▶ [Task goal]
From the line containing "921 Shattuck Unit 0, Schaumburg, IL 60194" to the last line of the listing, both included, copy every line exactly and drop the pictures.

▶ [Supplied material]
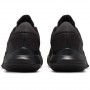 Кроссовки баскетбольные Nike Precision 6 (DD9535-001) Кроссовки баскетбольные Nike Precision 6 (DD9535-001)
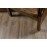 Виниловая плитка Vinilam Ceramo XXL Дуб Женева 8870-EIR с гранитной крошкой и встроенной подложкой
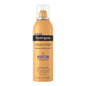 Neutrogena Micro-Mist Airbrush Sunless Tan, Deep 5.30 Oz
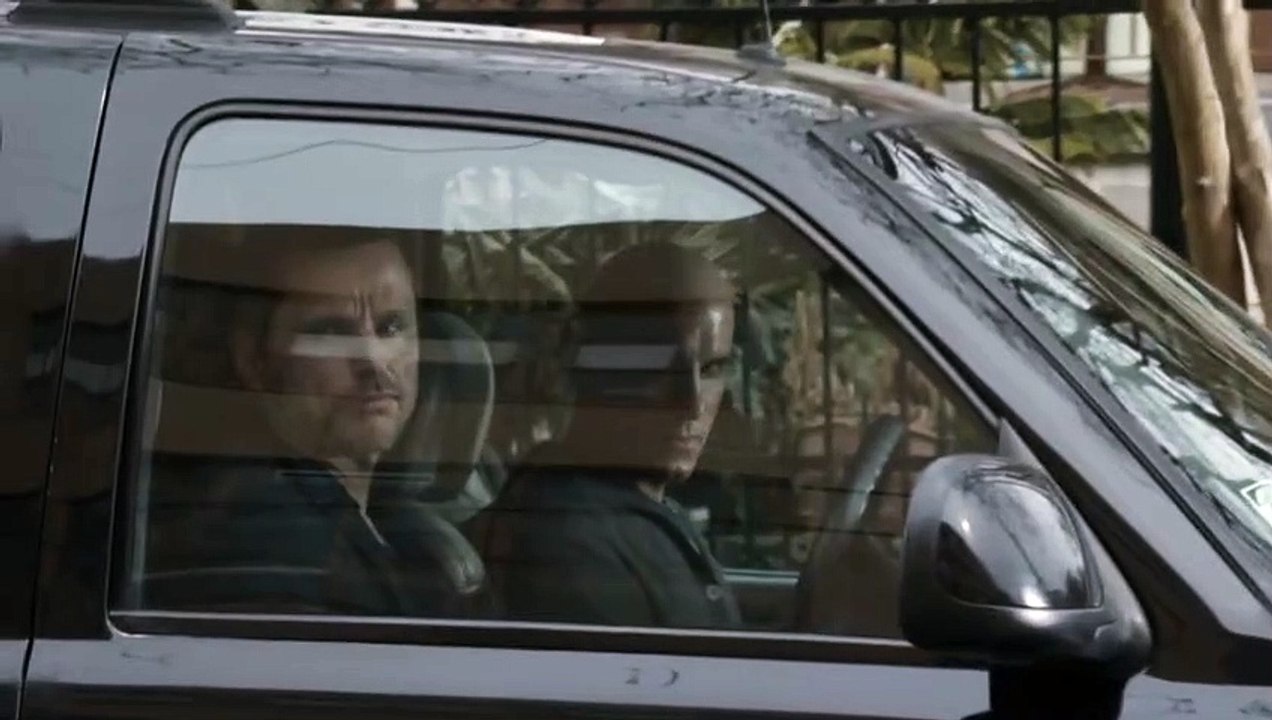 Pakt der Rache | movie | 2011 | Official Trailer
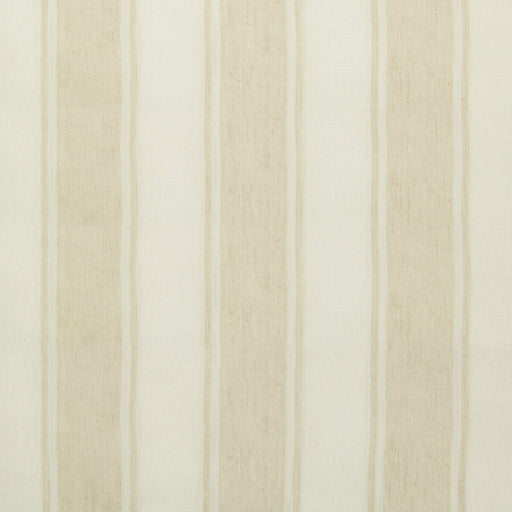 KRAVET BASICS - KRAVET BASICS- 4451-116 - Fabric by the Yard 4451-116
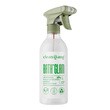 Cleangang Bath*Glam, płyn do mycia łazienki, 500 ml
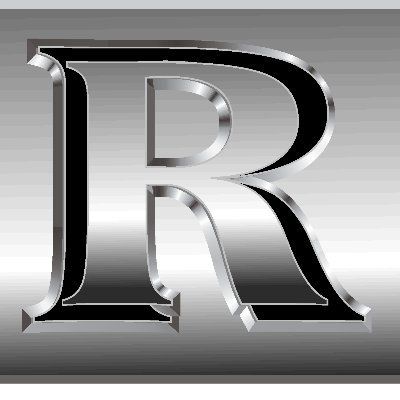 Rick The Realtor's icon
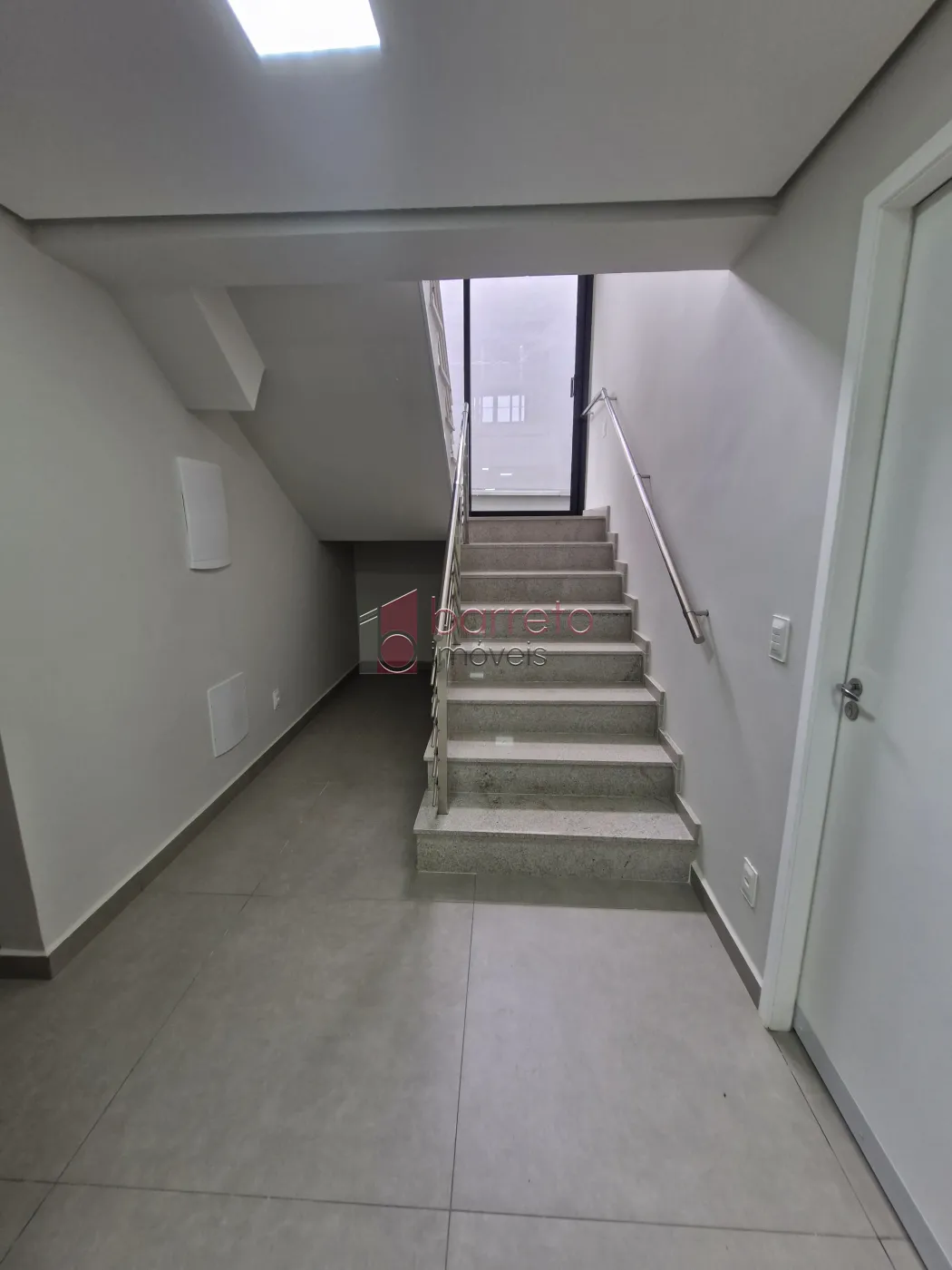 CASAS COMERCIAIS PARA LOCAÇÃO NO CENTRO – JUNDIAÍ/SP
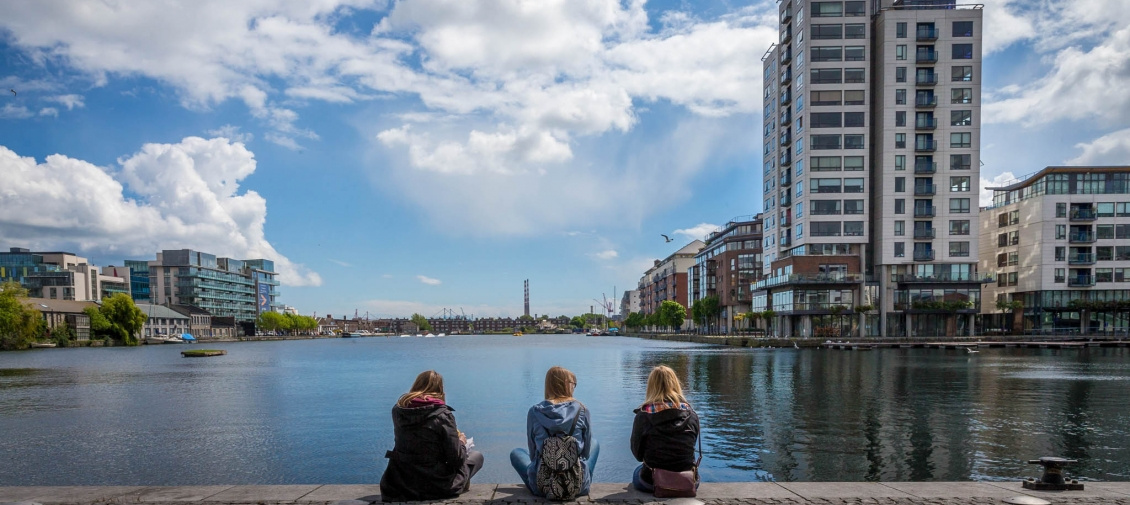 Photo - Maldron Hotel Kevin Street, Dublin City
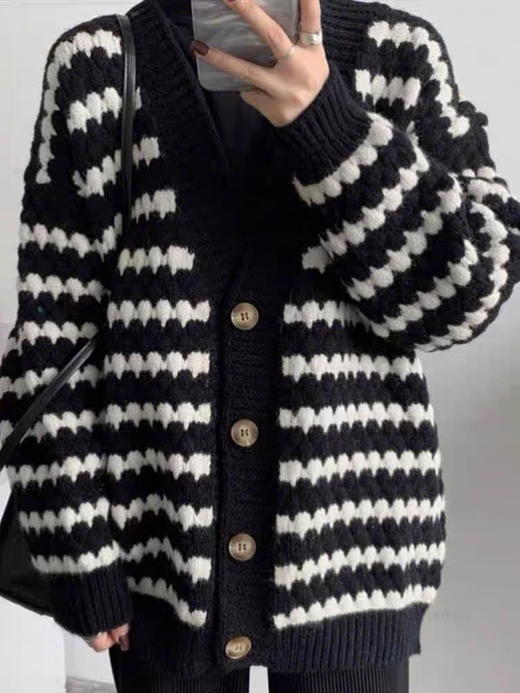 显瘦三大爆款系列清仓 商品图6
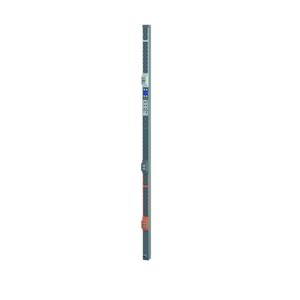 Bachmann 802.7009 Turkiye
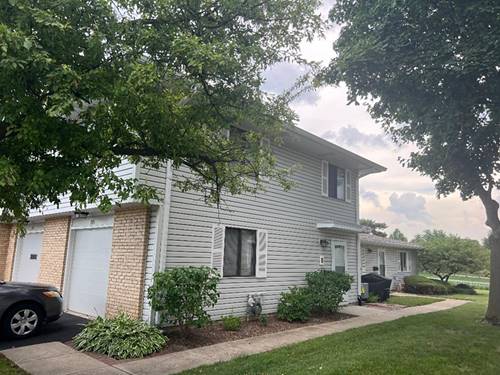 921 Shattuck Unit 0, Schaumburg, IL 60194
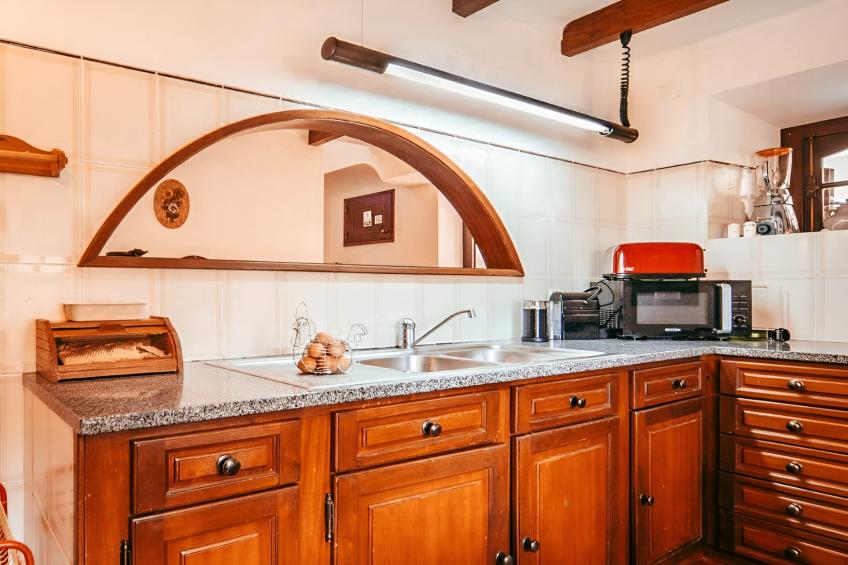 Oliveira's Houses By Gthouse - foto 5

▶ [Worked solution]
 921 Shattuck Unit 0, Schaumburg, IL 60194
 Oliveira's Houses By Gthouse - foto 5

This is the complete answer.